* Your goal *
The records underneath are to be repeated exactly, with the pictures left out.

** Opening Entries provided block **

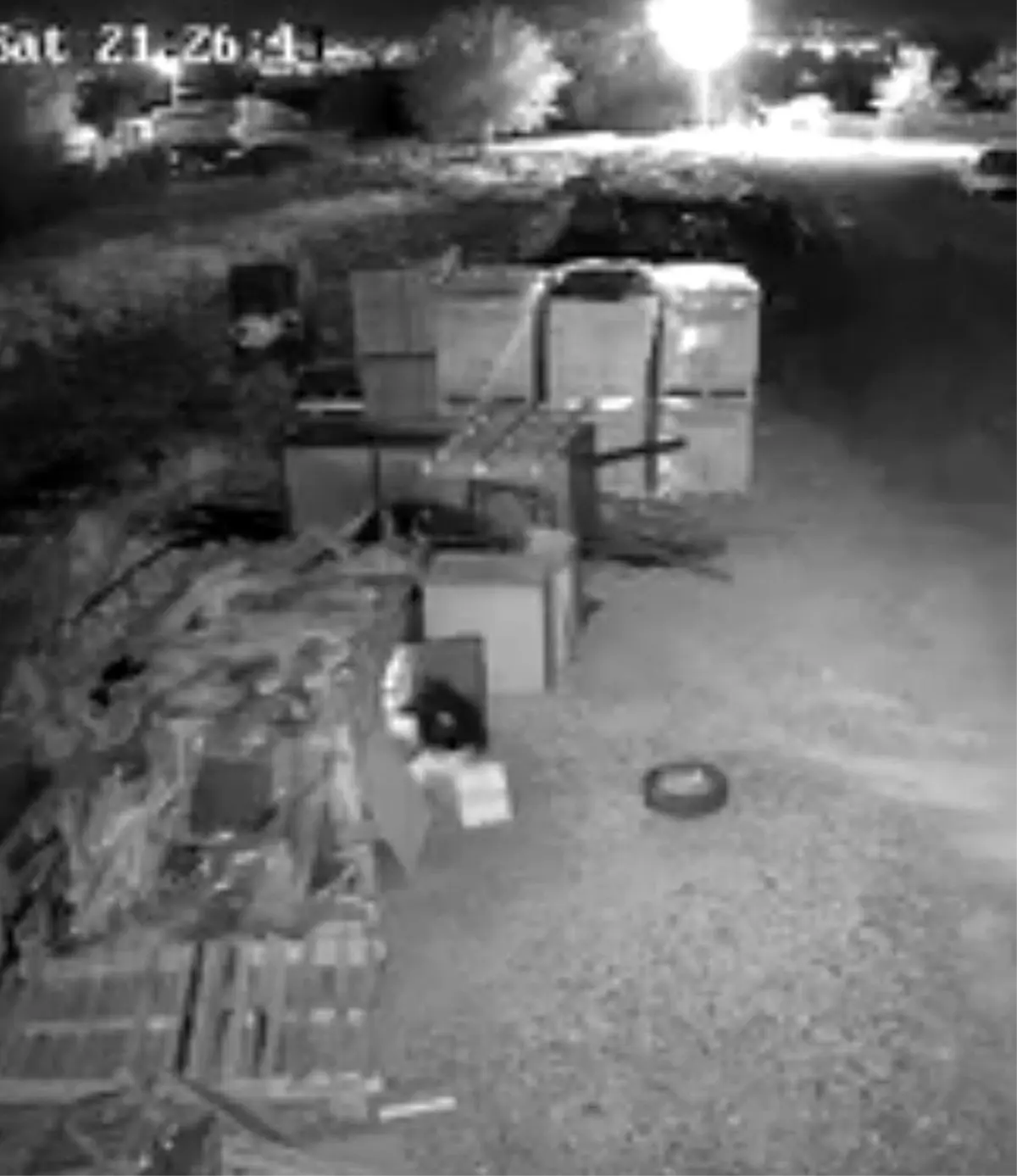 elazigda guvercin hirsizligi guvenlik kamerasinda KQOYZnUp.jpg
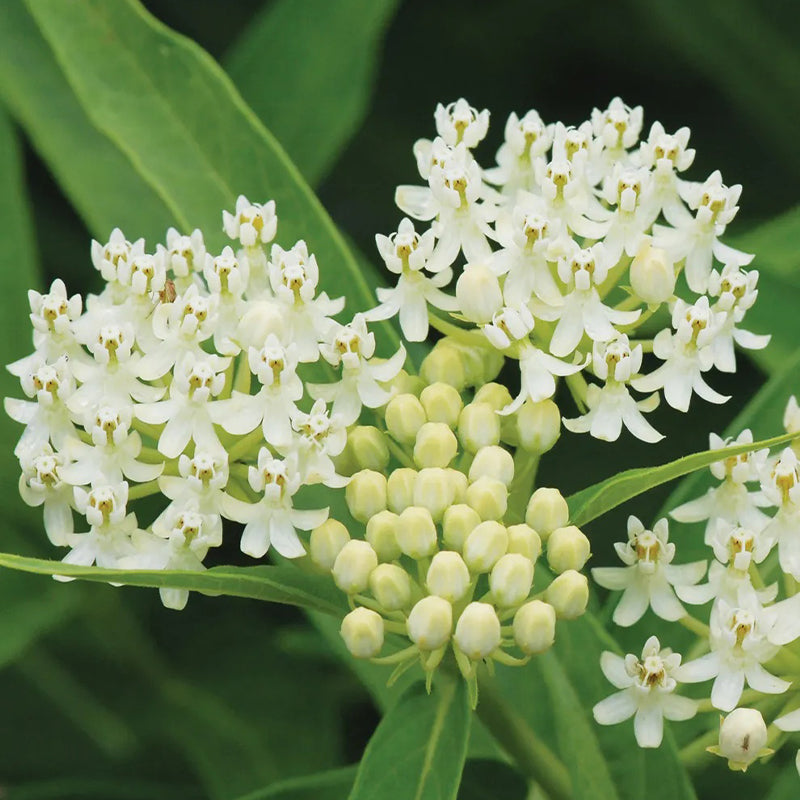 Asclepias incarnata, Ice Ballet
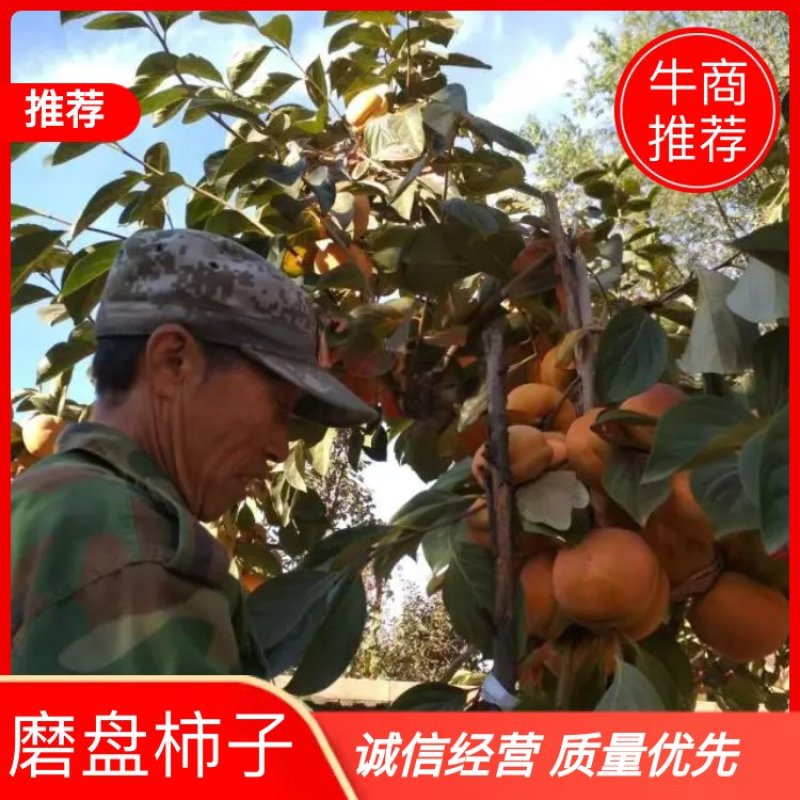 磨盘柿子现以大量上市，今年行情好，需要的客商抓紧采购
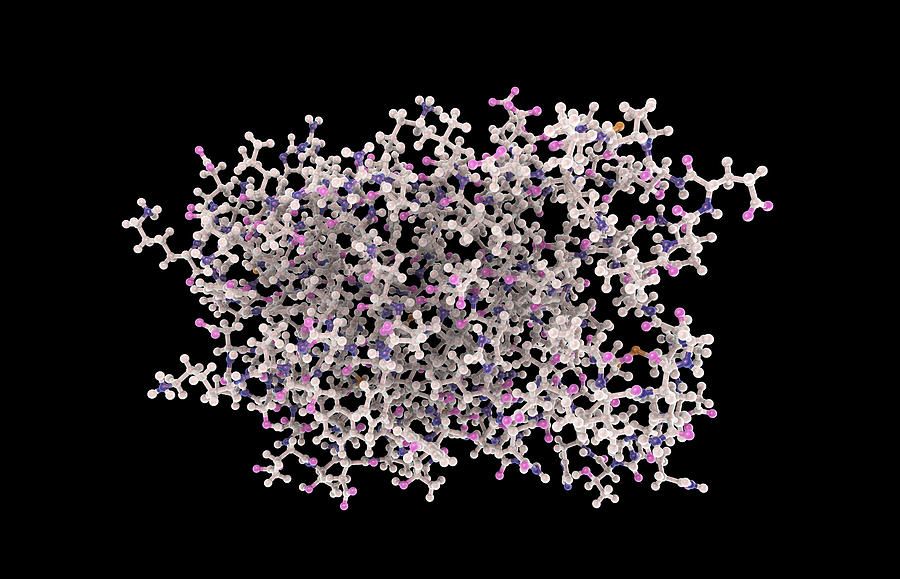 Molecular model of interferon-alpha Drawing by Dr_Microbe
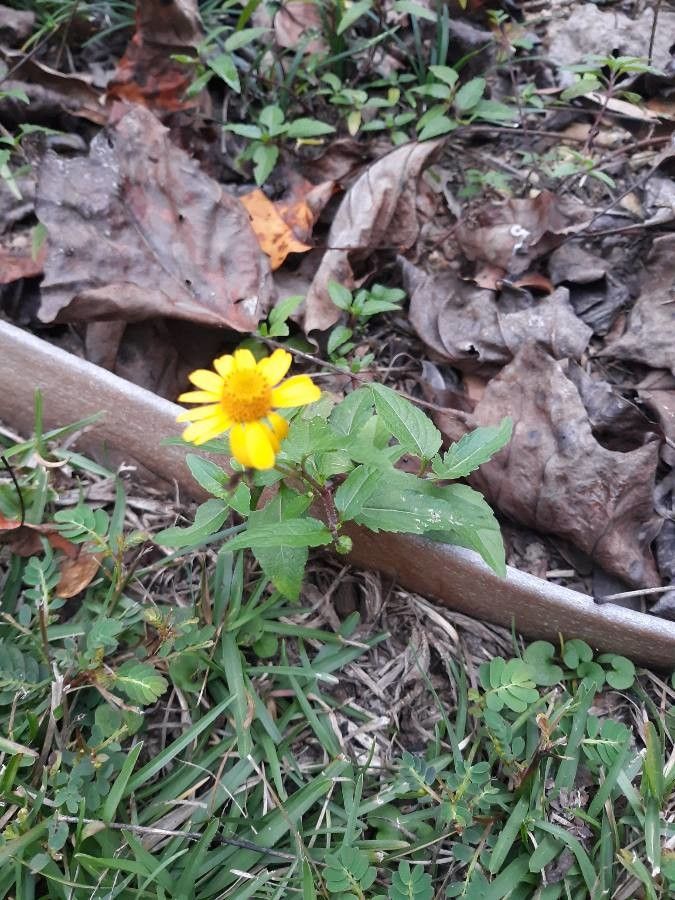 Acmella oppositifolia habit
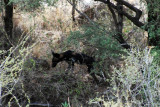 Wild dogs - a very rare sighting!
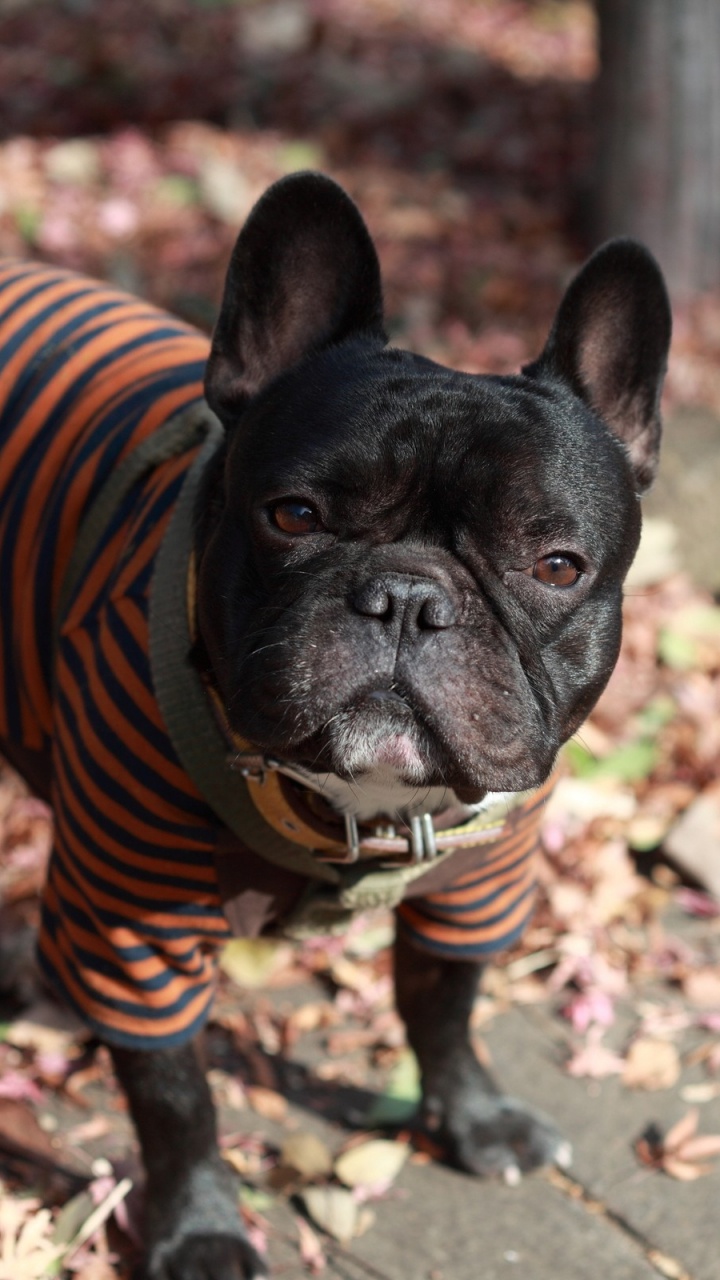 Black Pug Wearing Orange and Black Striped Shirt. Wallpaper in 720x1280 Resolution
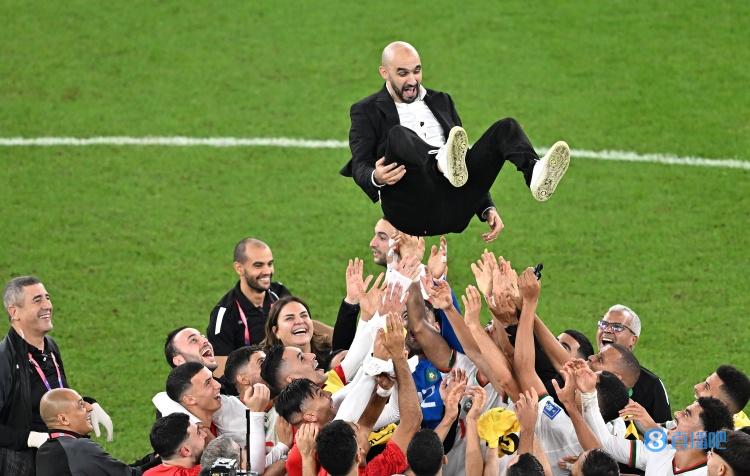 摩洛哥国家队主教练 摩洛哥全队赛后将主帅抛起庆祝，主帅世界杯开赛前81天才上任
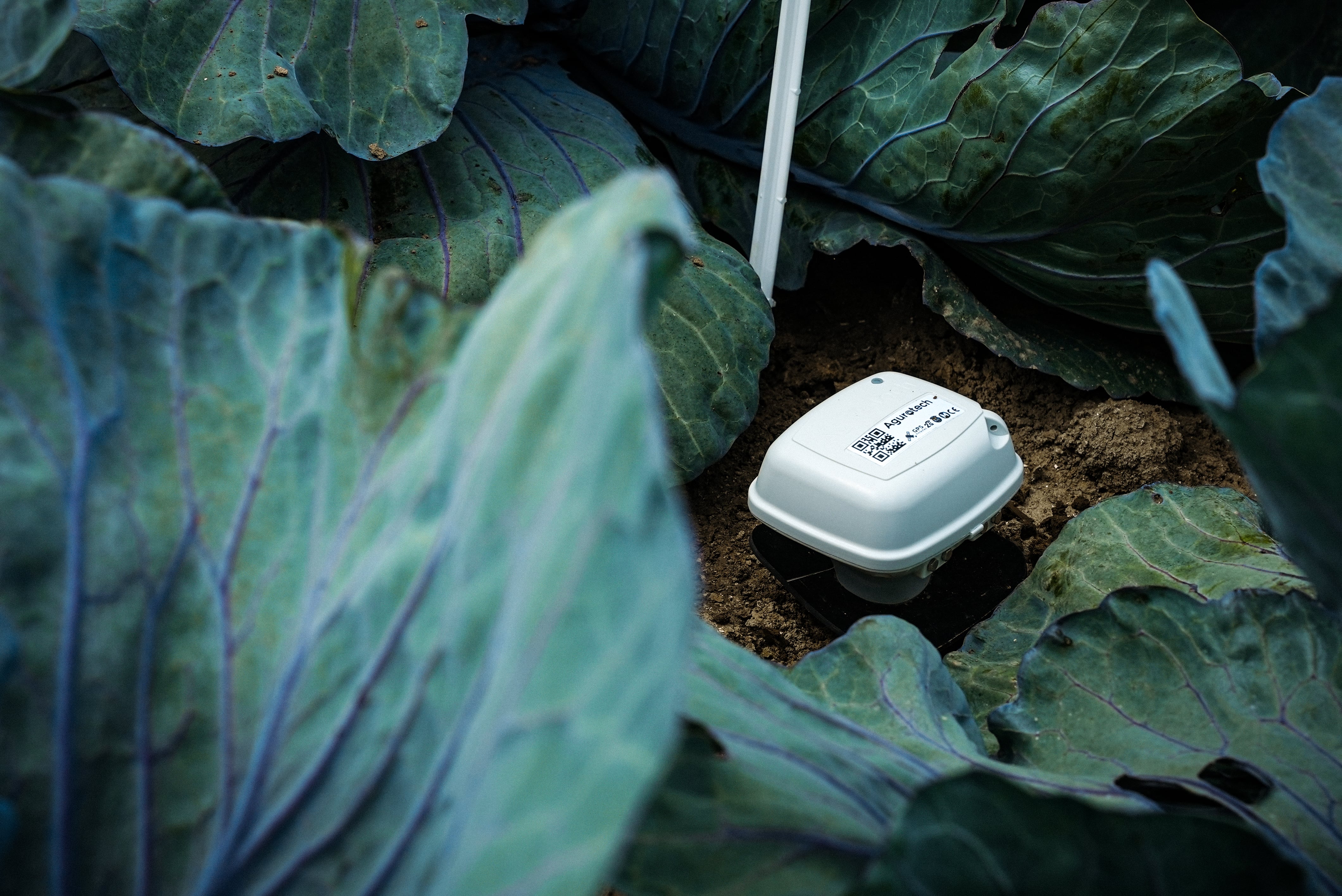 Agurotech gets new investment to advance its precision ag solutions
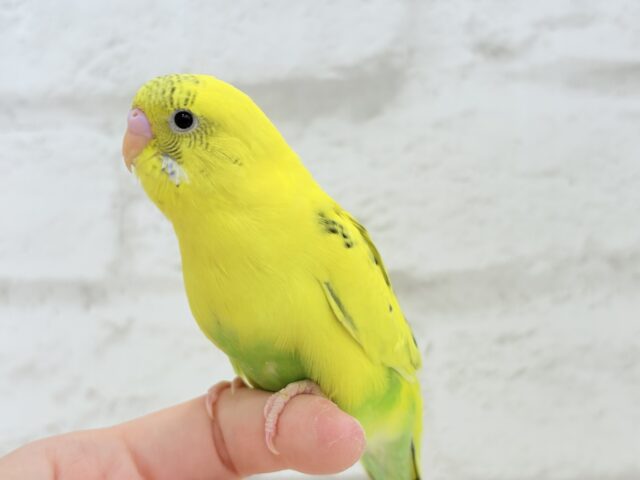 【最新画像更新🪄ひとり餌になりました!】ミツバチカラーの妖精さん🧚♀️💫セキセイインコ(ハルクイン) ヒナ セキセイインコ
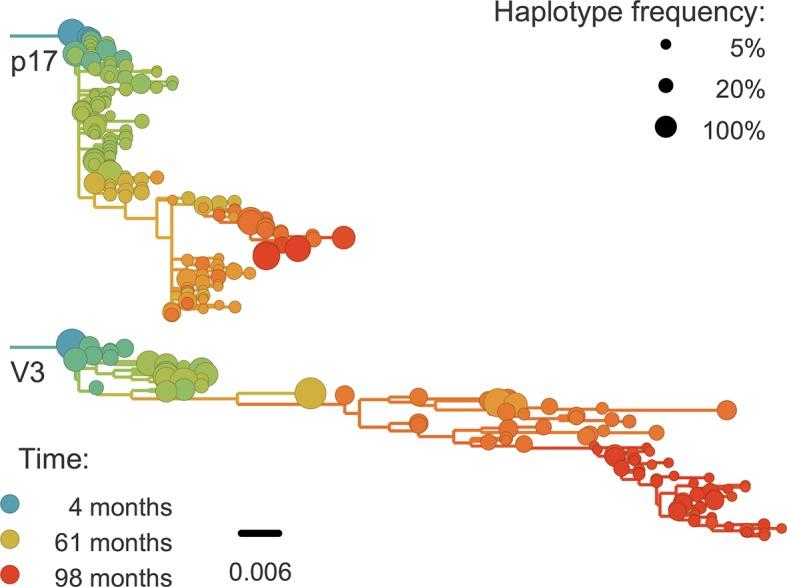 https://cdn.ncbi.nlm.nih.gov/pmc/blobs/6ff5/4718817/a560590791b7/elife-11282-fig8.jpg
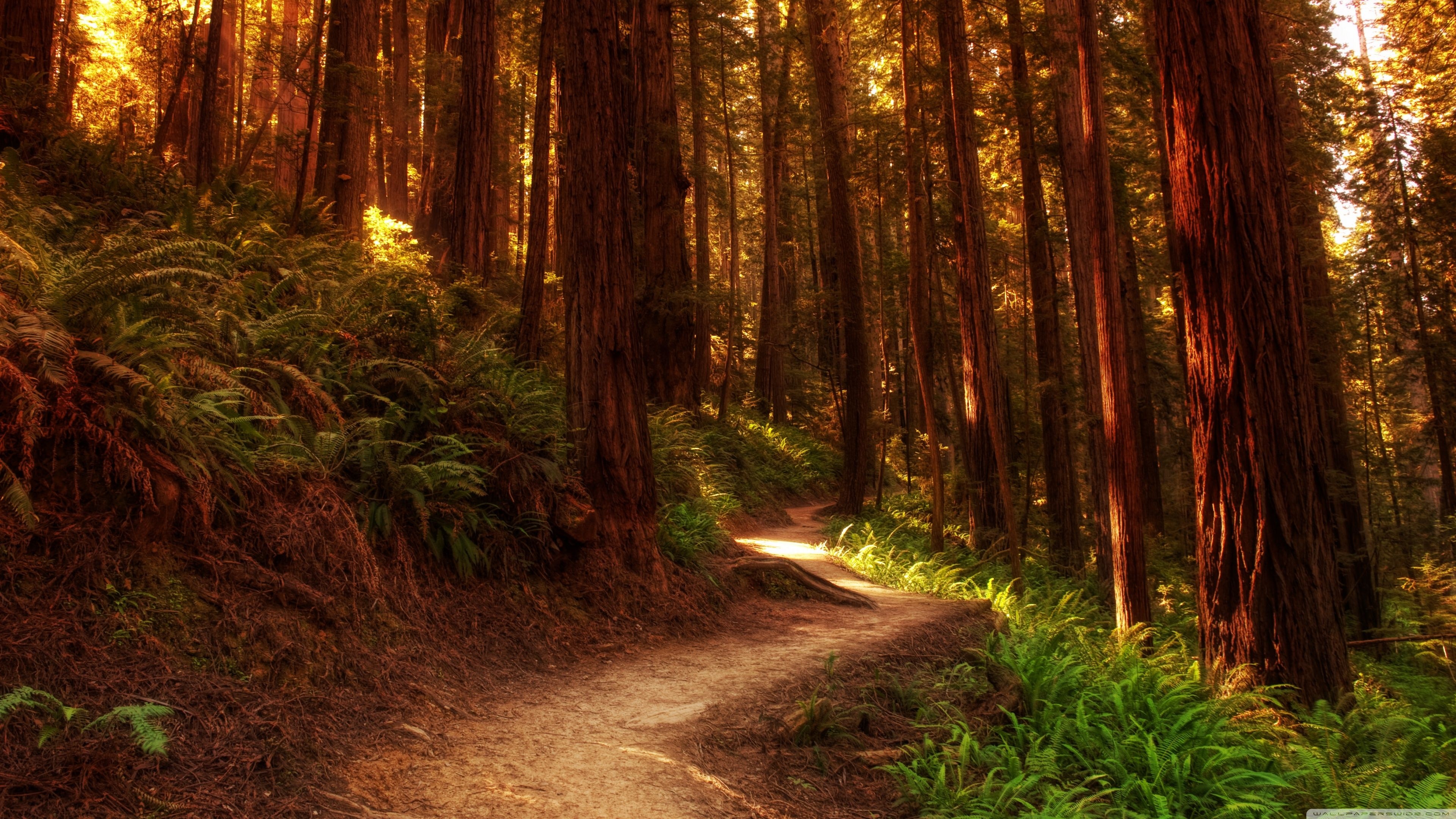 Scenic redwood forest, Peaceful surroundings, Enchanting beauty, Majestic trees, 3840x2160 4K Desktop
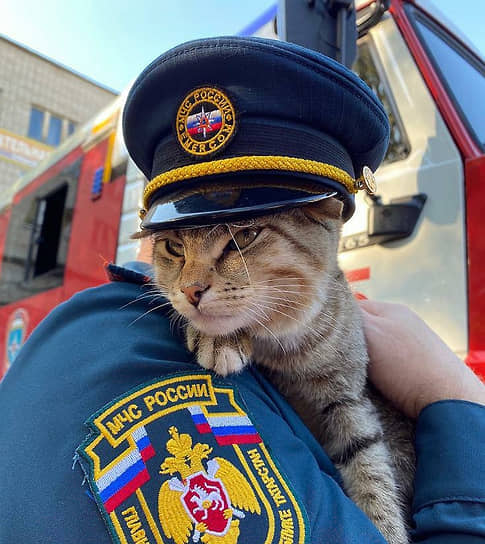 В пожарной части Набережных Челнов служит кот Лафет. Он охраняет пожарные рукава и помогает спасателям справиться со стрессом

** Closing Entries provided block **

* Solution to this task *
 elazigda guvercin hirsizligi guvenlik kamerasinda KQOYZnUp.jpg
 Asclepias incarnata, Ice Ballet
 磨盘柿子现以大量上市，今年行情好，需要的客商抓紧采购
 Molecular model of interferon-alpha Drawing by Dr_Microbe
 Acmella oppositifolia habit
 Wild dogs - a very rare sighting!
 Black Pug Wearing Orange and Black Striped Shirt. Wallpaper in 720x1280 Resolution
 摩洛哥国家队主教练 摩洛哥全队赛后将主帅抛起庆祝，主帅世界杯开赛前81天才上任
 Agurotech gets new investment to advance its precision ag solutions
 【最新画像更新🪄ひとり餌になりました!】ミツバチカラーの妖精さん🧚♀️💫セキセイインコ(ハルクイン) ヒナ セキセイインコ
 https://cdn.ncbi.nlm.nih.gov/pmc/blobs/6ff5/4718817/a560590791b7/elife-11282-fig8.jpg
 Scenic redwood forest, Peaceful surroundings, Enchanting beauty, Majestic trees, 3840x2160 4K Desktop
 В пожарной части Набережных Челнов служит кот Лафет. Он охраняет пожарные рукава и помогает спасателям справиться со стрессом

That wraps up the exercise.